A newly founded association supports fugitive ex-Muslims in Germany

"I felt like I never left Saudi Arabia". With these words, ex-Muslim Rana Ahmad characterized her situation in the Cologne refugee camp where she had been accommodated after her escape from Saudi Arabia. The special problems of ex-Muslims, who fled from political Islam to Germany and have to live with strictly religious Muslims in refugee camps, are still being ignored. In order to address this problem, the association "Atheist Refugee Relief" was founded in Cologne, which was presented to the public last Friday at the international ceremony "10 Years of Ex-Muslims".

With support by the Central Council of Ex-Muslims and the Giordano Bruno Stiftung, the association published a brochure describing the "Challenges and Goals of Atheist Refugee Relief" (available here in German). The brochure describes the association's political demands, but also includes the Rana Ahmad's story, who discovered in Cologne that the danger she fled from had travelled with her in the form of other refugees. Rana was threatened in Germany by strictly religious Muslims - as she had been in Saudi Arabia. She had to fear for her life - as in Saudi Arabia. In her desperation she contacted the Central Council of Ex-Muslims and the gbs regional group in Cologne and decided to go public with her story.
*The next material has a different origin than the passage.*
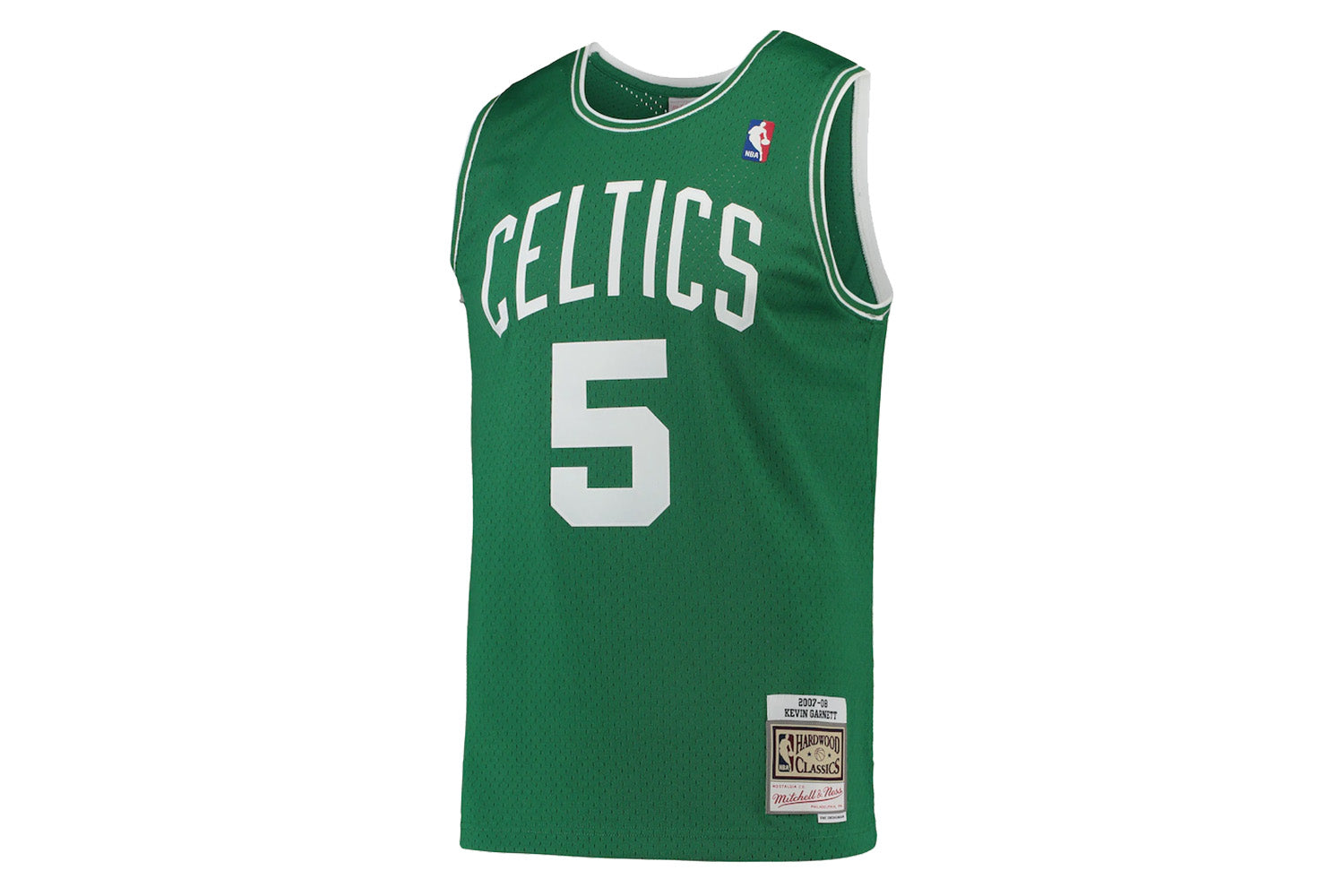 celtics 5 jersey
In June 2016 a first major article was published in the Frankfurter Allgemeine Zeitung, and in September she appeared twice in the sternTV programme.
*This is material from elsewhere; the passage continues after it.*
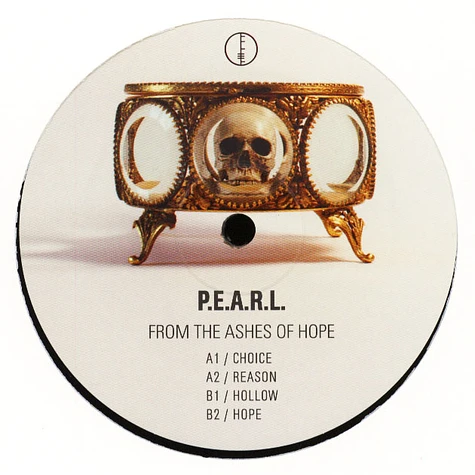 P.E.A.R.L. - From The Ashes Of Hope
Rana's commitment brought awareness to large sections of the German population for the first time of how troubling the situation is for non-religious refugees in Germany. In addition, her case was the final impetus for tackling a project that had long been discussed among ex-Muslims and the Giordano Bruno Stiftung: The establishment of an Atheist Refugee Relief.

"Atheist Refugee Relief"

The association "Atheist Refugees Relief" ("Säkulare Flüchtlingshilfe - Atheisten helfen") has since been registered and recognized as a non-profit organisation. Its purpose is to support non-religious refugees through practical help and to improve their living situation through political work. The association's self-conception is based on secular-humanistic, rational, and naturalistic principles ("evolutionary humanism"). It fights for the enforcement of human rights as well as for humanistic ethics. The association's work centres around the fundamental principles of an open society, as presented in Michael Schmidt-Salomon's book "The Limits of Tolerance", i.e. liberality (orientation towards the ideal of freedom), equality (orientation towards the ideal of equality), individuality (orientation towards the individual rather than towards the collective) and secularity (orientation towards worldly forms of norm foundation).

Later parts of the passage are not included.